- [Dataset content]

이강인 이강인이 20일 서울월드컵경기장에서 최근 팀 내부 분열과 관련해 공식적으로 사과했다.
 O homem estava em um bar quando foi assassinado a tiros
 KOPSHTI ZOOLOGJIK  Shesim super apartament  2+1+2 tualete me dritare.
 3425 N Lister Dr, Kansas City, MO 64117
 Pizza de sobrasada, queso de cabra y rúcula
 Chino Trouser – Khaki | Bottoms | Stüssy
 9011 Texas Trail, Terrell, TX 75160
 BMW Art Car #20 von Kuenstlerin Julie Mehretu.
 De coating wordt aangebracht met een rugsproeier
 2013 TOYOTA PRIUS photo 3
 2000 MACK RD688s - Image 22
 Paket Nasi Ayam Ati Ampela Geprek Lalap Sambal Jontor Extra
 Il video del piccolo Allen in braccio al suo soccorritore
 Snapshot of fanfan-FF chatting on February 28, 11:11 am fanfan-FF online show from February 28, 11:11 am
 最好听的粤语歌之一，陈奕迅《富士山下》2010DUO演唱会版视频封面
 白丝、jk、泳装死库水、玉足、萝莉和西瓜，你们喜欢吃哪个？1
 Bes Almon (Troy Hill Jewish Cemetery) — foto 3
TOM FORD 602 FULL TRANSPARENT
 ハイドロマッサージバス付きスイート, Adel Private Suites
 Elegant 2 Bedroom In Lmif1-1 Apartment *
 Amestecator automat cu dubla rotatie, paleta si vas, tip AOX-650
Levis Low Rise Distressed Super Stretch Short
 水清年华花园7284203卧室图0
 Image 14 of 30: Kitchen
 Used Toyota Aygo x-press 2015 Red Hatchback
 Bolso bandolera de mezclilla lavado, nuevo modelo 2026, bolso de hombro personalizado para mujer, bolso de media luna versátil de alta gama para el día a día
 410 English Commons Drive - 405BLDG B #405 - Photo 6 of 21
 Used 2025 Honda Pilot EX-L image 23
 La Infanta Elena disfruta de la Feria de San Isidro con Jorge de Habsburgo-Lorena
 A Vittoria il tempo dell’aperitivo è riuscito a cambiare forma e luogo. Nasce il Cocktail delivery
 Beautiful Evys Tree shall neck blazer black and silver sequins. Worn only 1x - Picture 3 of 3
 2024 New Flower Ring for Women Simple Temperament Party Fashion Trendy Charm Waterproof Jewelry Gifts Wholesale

- [Exercise directions]
Retype only this portion of the data above: the line containing "2000 MACK RD688s - Image 22", the line containing "ハイドロマッサージバス付きスイート, Adel Private Suites", and all lines between them, exactly.

- [Exercise solution]
 2000 MACK RD688s - Image 22
 Paket Nasi Ayam Ati Ampela Geprek Lalap Sambal Jontor Extra
 Il video del piccolo Allen in braccio al suo soccorritore
 Snapshot of fanfan-FF chatting on February 28, 11:11 am fanfan-FF online show from February 28, 11:11 am
 最好听的粤语歌之一，陈奕迅《富士山下》2010DUO演唱会版视频封面
 白丝、jk、泳装死库水、玉足、萝莉和西瓜，你们喜欢吃哪个？1
 Bes Almon (Troy Hill Jewish Cemetery) — foto 3
TOM FORD 602 FULL TRANSPARENT
 ハイドロマッサージバス付きスイート, Adel Private Suites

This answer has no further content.